La poesía, como la mayoría de las expresiones artísticas, no es para multitudes. Tal vez en ese lujo selectivo y minoritario resida su valor. Al presentar un libro, como hice yo el pasado jueves, tienes en cuenta ese dato y excepto a las personas que conviven contigo, a las que te rodean habitualmente, sólo haces partícipes de esa pequeña celebración que es presentar un libro tuyo a un número reducido, casi íntimo, de amigos, de poetas afines y a pocas personas más. El acto, en sí, no requiere más público que los que te conocen, te entienden y te leen o dicen que te leen. La poesía es así, un género superior de la expresión literaria y un subgénero artístico en cuanto su atractivo popular. Tal vez sea por su capacidad de abstracción, como sucede con la música. O un defecto de comunicación en su misma sustancia. A este respecto nunca olvidaré una charla acontecida en uno de los colegios mayores de nuestra Universidad entre el amigo fallecido Pepe Hierro y el reciente académico de la Lengua, Carlos Castilla. Enriquecedor debate el sostenido por un poeta como Pepe y un objetivador, magnífico escritor también, como Castilla.

´Comunicar´ es la palabra clave. Ese sería el diagnóstico. Pasa menos con las expresiones plásticas, aunque no sean multitudes, ciertamente, las que acudan a las exposiciones.

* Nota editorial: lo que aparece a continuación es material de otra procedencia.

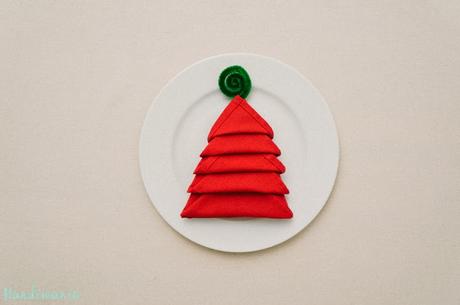 Servilletas con forma de árbol de navidad Servilletas con forma de árbol de navidad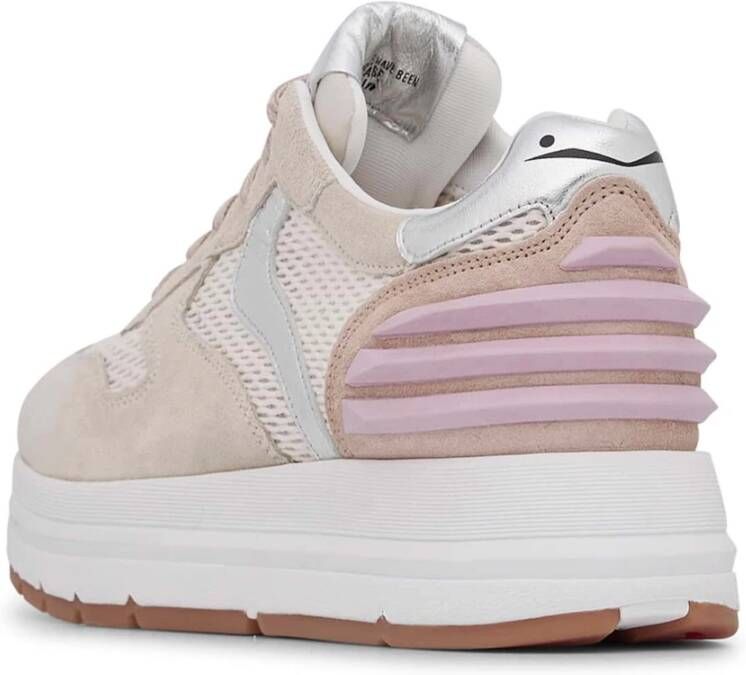 Voile blanche Suede and technical fabric sneakers Maran Power Mesh Pink Dames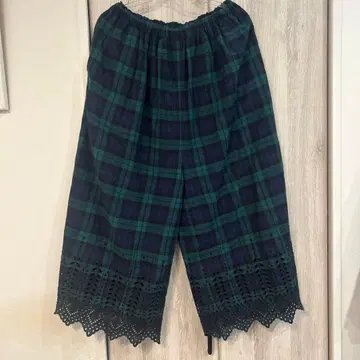 이치 스캘럽 자수 팬츠 체크 그린 빅 루즈핏 면
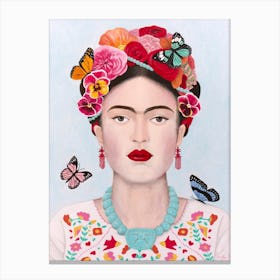 Frida Kahlo With Butterflies Canvas Print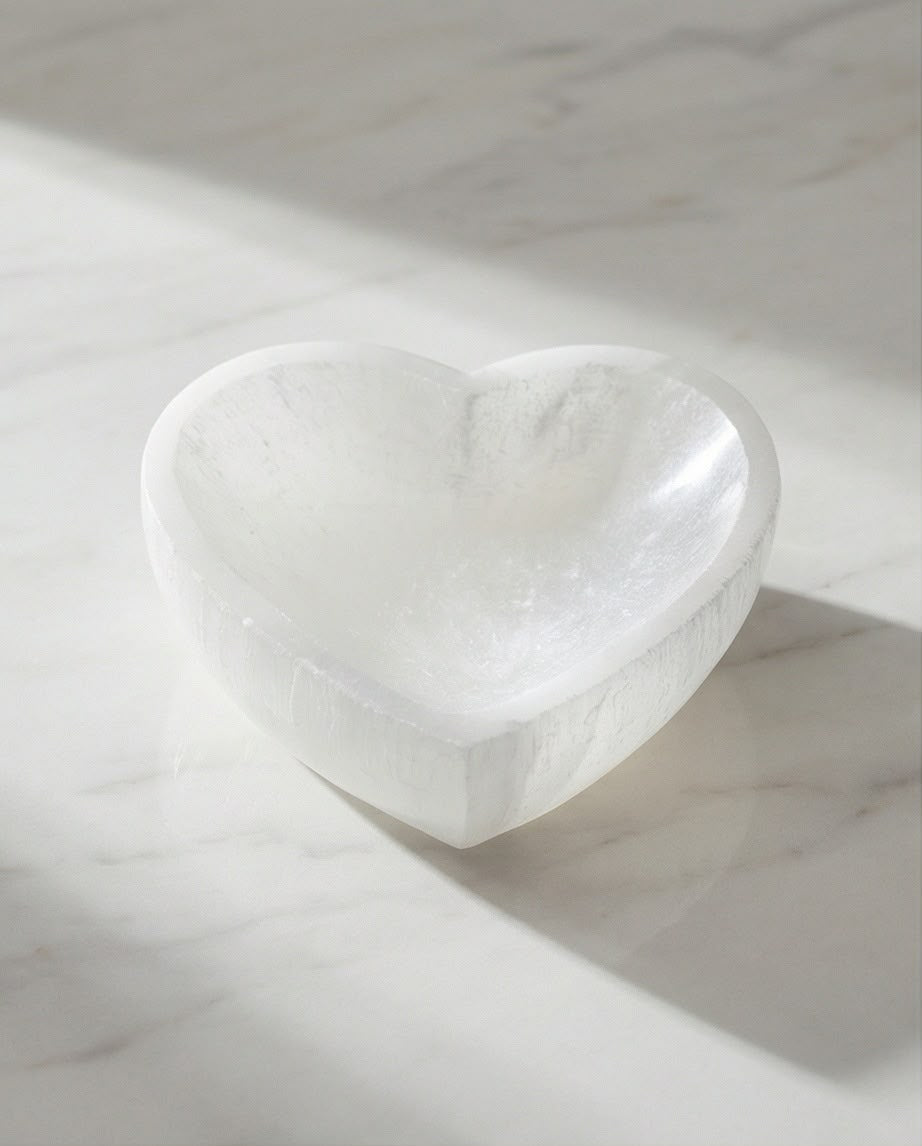 Selenit Herzschale klein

Si bien son tiempos de crisis para el arte- tal vez nos preguntemos ¿cuándo no lo han sido?,- hubo épocas en las que las muchedumbres iban en masa al teatro, otro género en decadencia.

El auditorio natural de Lope de Vega, de Calderón de la Barca, eran las masas populares. Teatros y corrales de comedia ponían el cartel de no hay billetes cuando nuestros autores del Siglo de Oro estrenaban obra. El desmedido juego de acciones y pasiones que es el teatro no goza, hoy, de tanto prestigio.

Ni el cine, su sucesor y complemento en el tiempo, es lo que era en otros años que uno recuerda con nostalgia, con aquellas colas que se formaban en las tardes de domingo para sentarse en las duras butacas del Duque de Rivas y el viejo Gran Teatro. Hoy se va a los multicines, pequeñas salas que contienen la indisimulada minoría de espectadores que aún quieren ser seducidos por el atractivo de la gran pantalla y que no se conforman con el sustitutivo familiar del cine en casa. No es gran cosa para un arte de resistencia como el cine. Como todas las expresiones artísticas. Y es que la vida ya no es entendida como un sueño, tal en los tiempos de Calderón. Estos de ahora no son para soñar ni para entender el soliloquio de Segismundo ni para establecer imaginativamente unas relaciones con unos personajes que inducían a pensar, a meditar sobre la existencia humana, puesto que nadie cree que la vida sea una ilusión, una sombra o una ficción, salvo unos cuantos convictos iluminados como poetas, filósofos y orates de carril. Y aun así, contados con los dedos de una mano.

La realidad es otra. Hemos aprendido la afirmación contraria a las tesis de Calderón: es el sueño el que es vida. Estamos en el polo opuesto de Segismundo. ¿Quién entendería hoy la ´mudanza´ de la vida escrita en versos teosóficos por la pluma de nuestro Luis de Góngora : eso de que todo deviene "en tierra, en polvo, en humo, en sombra, en nada"?. Estos mensajes no interesan, ni conmueven, ni son convinciones personales para nadie, como lo fueron en los años del pesimismo barroco.

Hoy, las artes escénicas están invalidadas si no cuentan cosas de la vida que no es sueño, si no sumergen al espectador en la acción de la vida, en la marea de una realidad nada propicia al sueño sino al dinamismo. Sólo cabe pensar que el mensaje ha envejecido. O que el discurso del monólogo de Segismundo, por poner un ejemplo, importa un bledo.

Había comenzado haciendo referencia a la minoridad de la poesía. Gonzalo Torrente Ballester se preguntaba hace veinte años : "¿Bastan sólo unas décadas para que ´no´ se entienda a un poeta?". Mas bien creo que nunca se le ha entendido. El gran teatro del mundo tiene otras cosas en las que ocuparse. Quien escribe poesía siempre tuvo presente que su palabra es humo.

Por el humo se sabe (como en la vieja romanza) donde está el fuego que Prometeo le robó a los dioses para depositarlo en la conciencia e inteligencia del poeta.